ENH: Check input dimensions against the initialized model_ #143

adriangb · 2020-11-29T19:25:56Z

Closes #106

codecov-io · 2020-11-29T23:54:55Z

Codecov Report

Merging #143 (56918eb) into master (e419d8e) will increase coverage by 0.01%.
The diff coverage is 100.00%.

@@            Coverage Diff             @@
##           master     #143      +/-   ##
==========================================
+ Coverage   99.52%   99.53%   +0.01%     
==========================================
  Files           5        5              
  Lines         627      646      +19     
==========================================
+ Hits          624      643      +19     
  Misses          3        3

Impacted Files	Coverage Δ
scikeras/_utils.py	`100.00% <100.00%> (ø)`
scikeras/wrappers.py	`99.22% <100.00%> (+0.03%)`	⬆️

Continue to review full report at Codecov.

Legend - Click here to learn more
Δ = absolute <relative> (impact), ø = not affected, ? = missing data
Powered by Codecov. Last update e419d8e...56918eb. Read the comment docs.

adriangb · 2020-11-30T02:41:17Z

@stsievert tagging you to take a look whenever you have a chance. This is addressing an issue you had opened (#106)

stsievert · 2020-11-30T03:20:49Z

scikeras/wrappers.py

+        # generic transformers just to make them SciKeras compatible
+        n_out_expect = getattr(self, "n_outputs_expected_", None)
+        if n_out_expect:
+            if n_out_expect != len(self.model_.outputs):


Style nit: I'd collapse this if-statement:

n_out_expect = getattr(self, "n_outputs_expected_", None) if n_out_expect and n_out_expect != len(self.model_.outputs): ...

Yep I'll implement that.

Do you think we should redefine n_outputs_expected_: int -> expected_output_shape_: Union[List[int], Dict[str, int]] so that each element/key can map to the expected output shape for each output?

Do you think we should redefine n_outputs_expected_: int -> expected_output_shape_: Union[List[int], Dict[str, int]] so that each element/key can map to the expected output shape for each output?

I don't think so. An integer suffices for basic use cases (regressors and classifiers). I can only see output shape being relevant for autoencoders.

I'm thinking of multi-input or multi-output models (as to why it would be a list/dict).
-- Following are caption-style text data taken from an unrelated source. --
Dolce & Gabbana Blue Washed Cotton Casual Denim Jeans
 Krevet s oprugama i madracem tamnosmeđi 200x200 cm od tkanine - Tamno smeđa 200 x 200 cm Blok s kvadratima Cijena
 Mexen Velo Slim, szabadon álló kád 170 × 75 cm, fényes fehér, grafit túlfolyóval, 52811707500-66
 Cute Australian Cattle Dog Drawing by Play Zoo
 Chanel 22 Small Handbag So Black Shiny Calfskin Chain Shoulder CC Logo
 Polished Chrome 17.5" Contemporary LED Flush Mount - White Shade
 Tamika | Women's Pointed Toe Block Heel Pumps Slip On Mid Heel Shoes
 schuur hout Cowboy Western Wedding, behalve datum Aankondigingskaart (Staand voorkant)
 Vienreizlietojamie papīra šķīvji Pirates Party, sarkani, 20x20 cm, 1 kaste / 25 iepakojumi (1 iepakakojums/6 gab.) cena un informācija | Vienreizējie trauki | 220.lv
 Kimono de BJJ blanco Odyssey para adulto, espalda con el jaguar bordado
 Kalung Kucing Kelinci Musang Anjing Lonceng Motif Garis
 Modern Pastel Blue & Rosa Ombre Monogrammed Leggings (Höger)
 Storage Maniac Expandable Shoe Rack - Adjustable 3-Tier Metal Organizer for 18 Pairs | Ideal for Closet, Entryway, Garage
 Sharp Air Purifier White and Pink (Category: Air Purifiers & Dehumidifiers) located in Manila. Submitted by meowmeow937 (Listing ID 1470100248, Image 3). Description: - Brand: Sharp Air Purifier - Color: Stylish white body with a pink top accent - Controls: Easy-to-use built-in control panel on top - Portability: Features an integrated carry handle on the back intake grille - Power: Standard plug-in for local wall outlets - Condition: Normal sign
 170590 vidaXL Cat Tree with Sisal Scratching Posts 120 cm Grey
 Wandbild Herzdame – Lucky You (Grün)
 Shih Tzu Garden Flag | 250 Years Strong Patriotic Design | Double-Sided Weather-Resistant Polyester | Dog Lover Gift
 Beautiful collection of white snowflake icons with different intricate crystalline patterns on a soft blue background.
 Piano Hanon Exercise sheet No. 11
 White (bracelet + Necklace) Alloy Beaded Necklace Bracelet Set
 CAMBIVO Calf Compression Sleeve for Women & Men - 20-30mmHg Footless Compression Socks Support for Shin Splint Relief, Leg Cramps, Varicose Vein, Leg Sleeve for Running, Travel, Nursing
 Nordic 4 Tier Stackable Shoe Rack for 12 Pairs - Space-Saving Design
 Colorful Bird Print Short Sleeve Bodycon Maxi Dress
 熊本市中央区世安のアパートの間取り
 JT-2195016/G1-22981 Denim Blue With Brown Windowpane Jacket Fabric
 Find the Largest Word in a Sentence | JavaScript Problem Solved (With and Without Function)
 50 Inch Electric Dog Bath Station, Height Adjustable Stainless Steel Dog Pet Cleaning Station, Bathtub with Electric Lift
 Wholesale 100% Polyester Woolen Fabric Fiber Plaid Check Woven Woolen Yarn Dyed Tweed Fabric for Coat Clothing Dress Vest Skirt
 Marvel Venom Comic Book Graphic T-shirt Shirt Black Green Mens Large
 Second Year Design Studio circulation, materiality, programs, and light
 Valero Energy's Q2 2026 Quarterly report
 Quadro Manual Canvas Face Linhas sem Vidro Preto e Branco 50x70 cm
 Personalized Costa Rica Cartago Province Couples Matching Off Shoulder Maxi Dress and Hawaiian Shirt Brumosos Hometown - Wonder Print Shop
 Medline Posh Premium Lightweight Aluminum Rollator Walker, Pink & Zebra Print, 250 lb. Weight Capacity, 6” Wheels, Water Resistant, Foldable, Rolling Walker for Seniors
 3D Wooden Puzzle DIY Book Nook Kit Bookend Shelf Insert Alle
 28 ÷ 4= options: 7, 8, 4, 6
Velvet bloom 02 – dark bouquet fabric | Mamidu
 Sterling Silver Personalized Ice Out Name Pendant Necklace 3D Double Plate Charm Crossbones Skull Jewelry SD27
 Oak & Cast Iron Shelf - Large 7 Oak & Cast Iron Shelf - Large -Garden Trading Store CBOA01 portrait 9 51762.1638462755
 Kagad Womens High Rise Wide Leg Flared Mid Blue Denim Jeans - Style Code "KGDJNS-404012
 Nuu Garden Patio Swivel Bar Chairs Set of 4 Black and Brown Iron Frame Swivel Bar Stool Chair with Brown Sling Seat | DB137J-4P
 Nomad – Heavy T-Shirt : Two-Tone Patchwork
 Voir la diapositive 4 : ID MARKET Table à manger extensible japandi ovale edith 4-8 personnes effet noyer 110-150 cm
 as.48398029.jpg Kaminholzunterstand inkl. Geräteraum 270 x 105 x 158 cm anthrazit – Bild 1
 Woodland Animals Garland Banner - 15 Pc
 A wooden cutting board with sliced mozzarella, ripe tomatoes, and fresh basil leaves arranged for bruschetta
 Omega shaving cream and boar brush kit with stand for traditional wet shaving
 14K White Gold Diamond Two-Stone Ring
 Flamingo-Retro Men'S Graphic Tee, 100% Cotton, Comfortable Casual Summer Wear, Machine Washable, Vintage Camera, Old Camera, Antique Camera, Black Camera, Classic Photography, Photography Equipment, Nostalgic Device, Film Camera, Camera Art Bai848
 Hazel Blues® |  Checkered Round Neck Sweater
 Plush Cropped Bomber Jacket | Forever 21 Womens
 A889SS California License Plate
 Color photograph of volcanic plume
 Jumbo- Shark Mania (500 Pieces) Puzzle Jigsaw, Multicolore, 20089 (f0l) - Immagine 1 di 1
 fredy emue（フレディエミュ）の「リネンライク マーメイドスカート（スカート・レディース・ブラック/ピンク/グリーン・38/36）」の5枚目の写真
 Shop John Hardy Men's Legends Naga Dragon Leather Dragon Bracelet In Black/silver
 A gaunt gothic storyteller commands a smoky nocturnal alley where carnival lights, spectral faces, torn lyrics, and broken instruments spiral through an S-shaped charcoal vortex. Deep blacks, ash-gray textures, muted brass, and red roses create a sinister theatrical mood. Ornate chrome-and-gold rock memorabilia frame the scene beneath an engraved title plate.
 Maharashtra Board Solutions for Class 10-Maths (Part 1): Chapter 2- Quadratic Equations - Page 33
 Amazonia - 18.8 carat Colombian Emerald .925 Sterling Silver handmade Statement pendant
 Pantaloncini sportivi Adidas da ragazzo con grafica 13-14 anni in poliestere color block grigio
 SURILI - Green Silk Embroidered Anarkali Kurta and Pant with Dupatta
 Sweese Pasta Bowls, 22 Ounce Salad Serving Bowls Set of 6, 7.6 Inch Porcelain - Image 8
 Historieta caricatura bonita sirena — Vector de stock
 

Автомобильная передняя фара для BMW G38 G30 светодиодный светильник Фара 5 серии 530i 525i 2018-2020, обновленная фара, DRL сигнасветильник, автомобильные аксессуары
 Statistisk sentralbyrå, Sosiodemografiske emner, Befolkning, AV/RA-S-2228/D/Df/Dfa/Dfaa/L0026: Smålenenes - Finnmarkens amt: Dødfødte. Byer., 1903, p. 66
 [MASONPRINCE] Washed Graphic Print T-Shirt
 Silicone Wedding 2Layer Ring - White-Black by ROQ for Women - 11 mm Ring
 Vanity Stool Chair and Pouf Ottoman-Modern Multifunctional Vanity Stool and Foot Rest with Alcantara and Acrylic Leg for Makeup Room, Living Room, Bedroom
As to why we'd need the expected output shape specifically, for classifiers, the output shape depends on the classes and type of problem (i.e. Dense(1, activation="sigmoid") and Dense(2, activation="softmax") are generally equivalent), which is why we can't just check the shape of X like we do with the input layer.

I'm thinking of multi-input or multi-output models (as to why it would be a list/dict).

Maybe that's not a bad idea. I think the type of n_outputs_expected should be Union[int, List[int], Dict[str, int]]. That supports more complex models and simple user-defined transformers.

In this function that will mean something like this:

n_out = getattr(self, "n_outputs_expected", None) if isinstance(n_out, int): n_out = [n_out] if n_out and n_out != len(self.model_.outputs): ...

Another alternative is of course to revert to c7e6723 and try to continues this conversation in it's own issue/PR.

I think I like checking the model better. But why is n_outputs_expected_ necessary?

Another alternative is of course to revert to c7e6723

Do you mean delete the release from PyPI/GitHub? If I were handling releases, I think I'd rather delay any checks on n_outputs_expected_ to a later release.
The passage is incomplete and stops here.